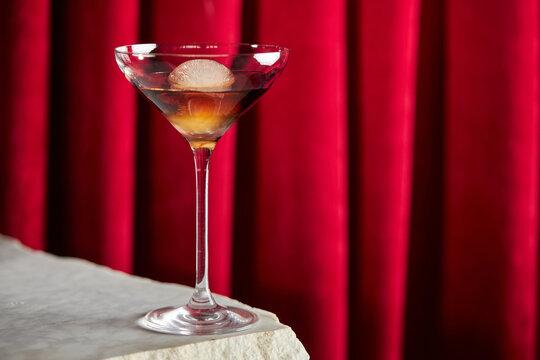 Elegant vermouth cocktail with red curtain backdrop
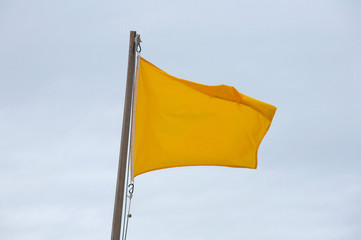 Yellow flag on the beach waving in the wind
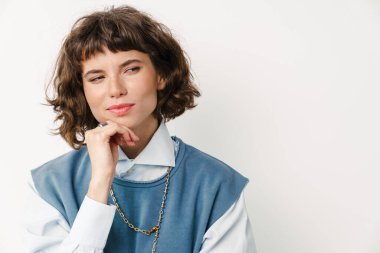 Ciddi, güzel bir kız beyaz arka planda izole edilmiş bir şekilde düşünüyor.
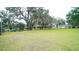 Large backyard with mature oak trees and a partially visible home at 8836 Sr 471 Hwy, Webster, FL 33597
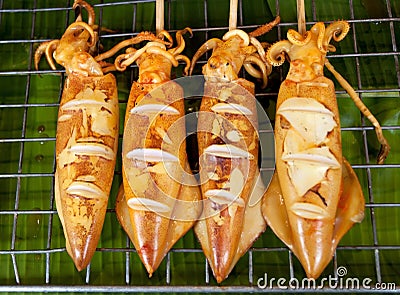 Grilled Squid, Thailand Food - Barbecue from squids sold on the Stock Photo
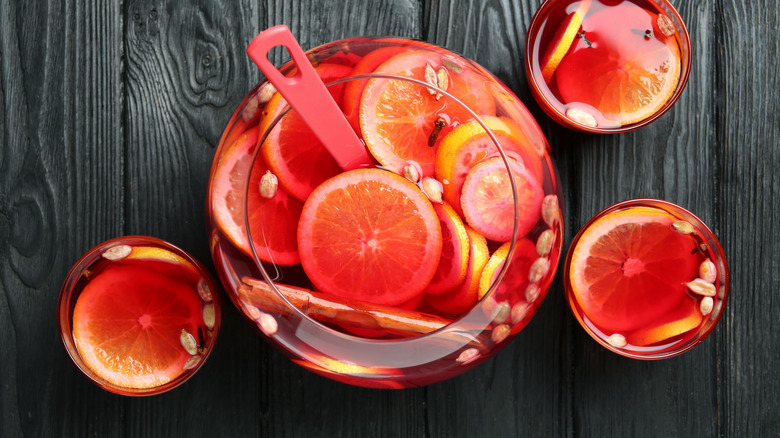 Red drink in punch bowl with citrus slices and glasses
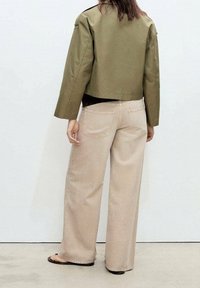 Personne portant une veste courte vert olive, un pantalon large beige et des sandales noires, vue de dos devant un mur blanc uni.
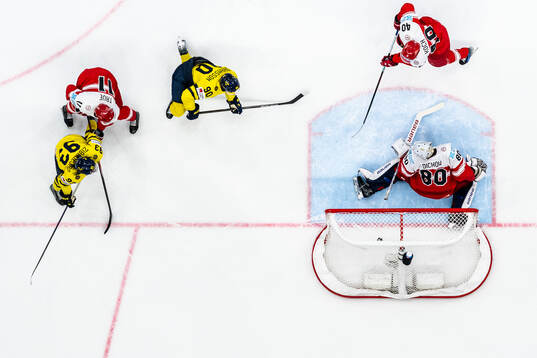 Marcus Johansson of Sweden scores the 3-0 goal behind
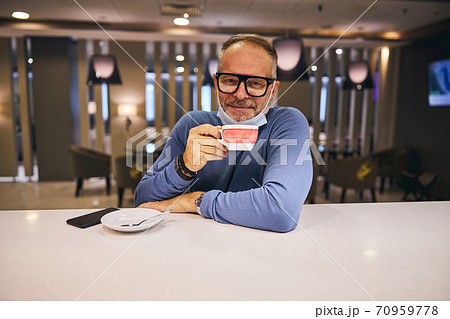 Pleased short-haired Caucasian man enjoying his coffee 70959778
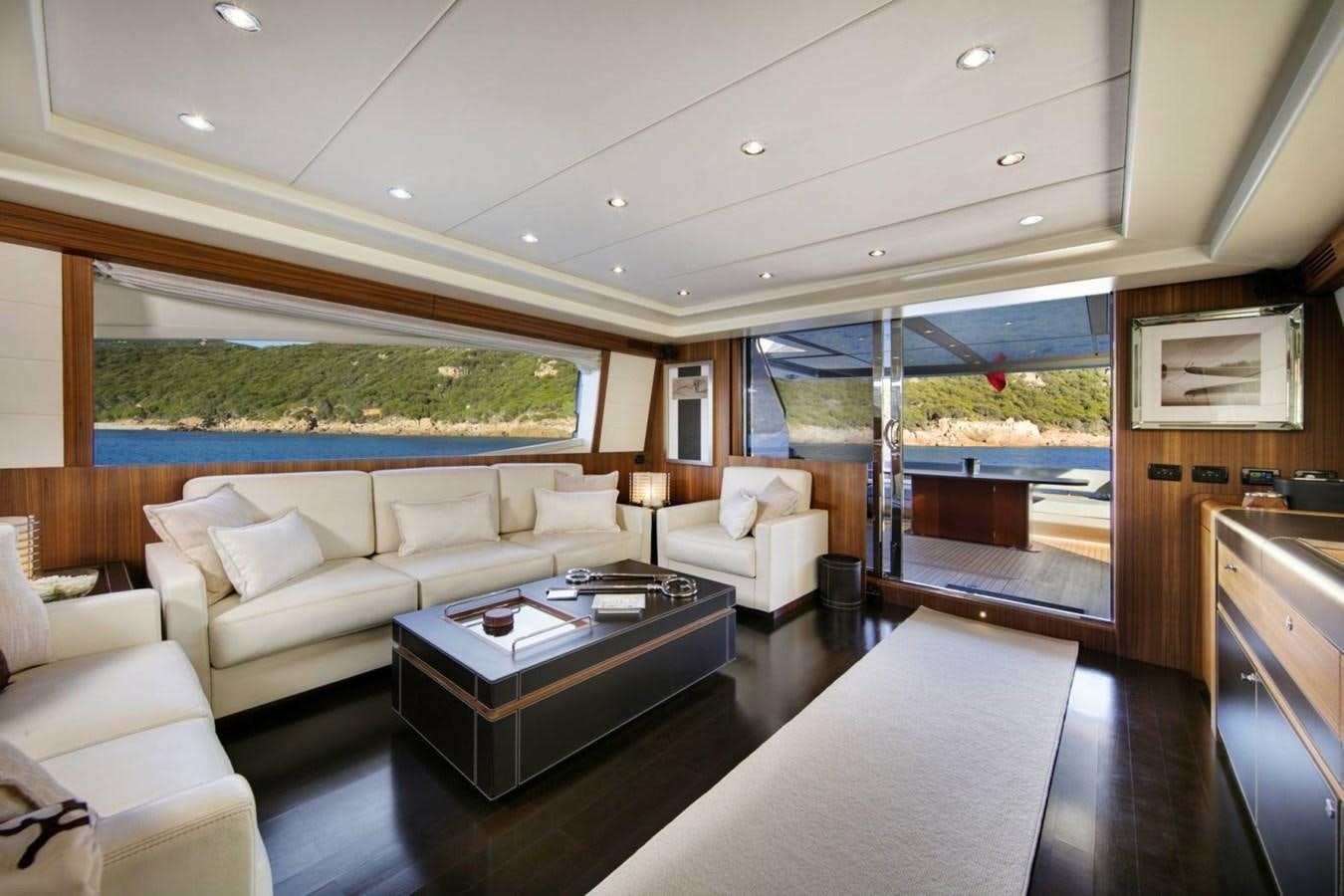 a living room with a large window aboard BLACK PEARL AJACCIO Yacht for Sale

+ + +

Prompt — Give again, exactly as written above, each line from the one that has "Large backyard with" to the one that has "Red drink in", both included; omit the pictures.

Task response —
 Large backyard with mature oak trees and a partially visible home at 8836 Sr 471 Hwy, Webster, FL 33597
 Grilled Squid, Thailand Food - Barbecue from squids sold on the Stock Photo
 Red drink in punch bowl with citrus slices and glasses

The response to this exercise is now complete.